There is tech on the horizon that, I think, may disruptive and so strengthen the case even more for the kind of Reactive Systems that I described. That is massive-scale, non-volatile RAM.

Q: Was it LMAX you were working for?

A: Yes, LMAX was the company where we built the exchange.

You can read a bit more about our exchange and its architecture here: https://martinfowler.com/articles/lmax.html

Q: Service as a State machine implicates that the services should be stateful? That is added complexity? Thinking about changing the flows etc.

A: You have to have state somewhere, otherwise your code can’t do anything much.

Not all of your code needs to be stateful though. For the parts of your system that form the “system of record”, in this approach, those parts are implemented as “Stateful Services”.

If you want high-performance you can do this using the in-memory state as the system of record, using the techniques that I described – That was how our exchange worked. For other, slower, systems you service could be stateful and backed by some more conventional data store if that makes sense.

Q: How would a single thread bookstore service handle an order coming in while it is still processing the previous order? Or alternatively, two simultaneous orders?

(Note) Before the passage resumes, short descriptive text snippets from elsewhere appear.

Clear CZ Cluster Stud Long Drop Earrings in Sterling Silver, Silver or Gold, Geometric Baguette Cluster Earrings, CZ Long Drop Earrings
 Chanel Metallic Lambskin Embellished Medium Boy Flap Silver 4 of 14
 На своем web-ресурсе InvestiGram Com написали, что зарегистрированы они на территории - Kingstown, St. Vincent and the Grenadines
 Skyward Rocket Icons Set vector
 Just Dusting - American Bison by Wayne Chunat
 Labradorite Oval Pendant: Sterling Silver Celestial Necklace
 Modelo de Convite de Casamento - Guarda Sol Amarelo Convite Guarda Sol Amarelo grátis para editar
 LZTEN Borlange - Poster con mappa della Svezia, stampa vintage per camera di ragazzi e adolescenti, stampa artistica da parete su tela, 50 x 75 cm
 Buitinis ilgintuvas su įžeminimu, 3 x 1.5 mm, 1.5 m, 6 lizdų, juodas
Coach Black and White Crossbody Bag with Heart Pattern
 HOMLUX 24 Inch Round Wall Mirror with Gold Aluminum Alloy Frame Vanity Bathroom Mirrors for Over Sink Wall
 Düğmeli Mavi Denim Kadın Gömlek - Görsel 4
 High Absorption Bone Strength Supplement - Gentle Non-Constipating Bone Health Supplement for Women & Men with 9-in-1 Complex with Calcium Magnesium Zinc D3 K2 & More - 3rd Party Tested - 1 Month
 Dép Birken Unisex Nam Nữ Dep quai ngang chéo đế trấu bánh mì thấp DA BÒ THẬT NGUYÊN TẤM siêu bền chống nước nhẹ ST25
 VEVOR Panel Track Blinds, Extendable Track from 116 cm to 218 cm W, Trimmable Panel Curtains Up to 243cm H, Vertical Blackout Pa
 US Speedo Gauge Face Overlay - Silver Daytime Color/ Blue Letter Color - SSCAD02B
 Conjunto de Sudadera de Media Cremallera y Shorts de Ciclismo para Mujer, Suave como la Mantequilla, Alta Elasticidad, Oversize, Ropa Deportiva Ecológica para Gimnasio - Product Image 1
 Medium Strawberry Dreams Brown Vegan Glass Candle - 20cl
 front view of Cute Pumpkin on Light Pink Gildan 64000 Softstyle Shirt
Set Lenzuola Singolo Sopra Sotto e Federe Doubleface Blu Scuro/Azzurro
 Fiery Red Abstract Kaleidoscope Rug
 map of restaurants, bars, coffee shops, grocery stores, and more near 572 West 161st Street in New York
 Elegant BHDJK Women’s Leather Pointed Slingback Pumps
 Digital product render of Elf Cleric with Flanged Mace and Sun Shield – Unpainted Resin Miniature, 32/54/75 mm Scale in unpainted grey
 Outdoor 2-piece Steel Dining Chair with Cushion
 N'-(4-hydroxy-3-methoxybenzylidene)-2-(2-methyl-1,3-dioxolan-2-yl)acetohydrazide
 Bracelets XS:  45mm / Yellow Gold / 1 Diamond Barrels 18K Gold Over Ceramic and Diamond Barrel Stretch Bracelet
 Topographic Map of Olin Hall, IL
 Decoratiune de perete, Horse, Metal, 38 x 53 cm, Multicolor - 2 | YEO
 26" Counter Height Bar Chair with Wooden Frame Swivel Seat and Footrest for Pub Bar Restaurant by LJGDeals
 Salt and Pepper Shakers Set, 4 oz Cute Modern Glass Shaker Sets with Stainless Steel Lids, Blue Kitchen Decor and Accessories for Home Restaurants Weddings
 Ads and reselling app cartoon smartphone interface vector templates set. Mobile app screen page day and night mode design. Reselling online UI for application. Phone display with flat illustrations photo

A: It would queue the incoming second order and process it once the BookStore had finished processing the first. However, because of the MASSIVE INEFFICIENCY of data sharing in concurrent systems, avoiding the locking is something like three orders of magnitude faster than tackling this as a problem in concurrency.

Q: How to effectively handle transactions (and rollback in case of fail) in event based system? And how to understand that transaction not finished?

A: In these kind of systems the simplest solution is that a message defines the scope of a transaction. If you need broader consistency, use a distributed consensus protocol like RAFT.

Q: How do you deal with the communication with mobile and web frontends (and the UX of it)? Websockets and other solutions always feel more complicated for many use cases.

A: My preferred approach for all UI is to deal with it as a full bi-directional async comms problem. So then you have to use something like Websockets to get full “push” to the remote UI.

Q: Can your code use different cores in the CPU? Or will the next instance of execution use the same core? Do you utilise all the cores?

A: Yes, the system is multi-core, but is “shared-nothing” between cores. We can achieve this through good separation of concerns. For example, one core may be dedicated to taking bytes off the network and putting them in the ring-buffer, another maybe focussed on journaling the message to disk, another to processing the business-logic of the service and so on.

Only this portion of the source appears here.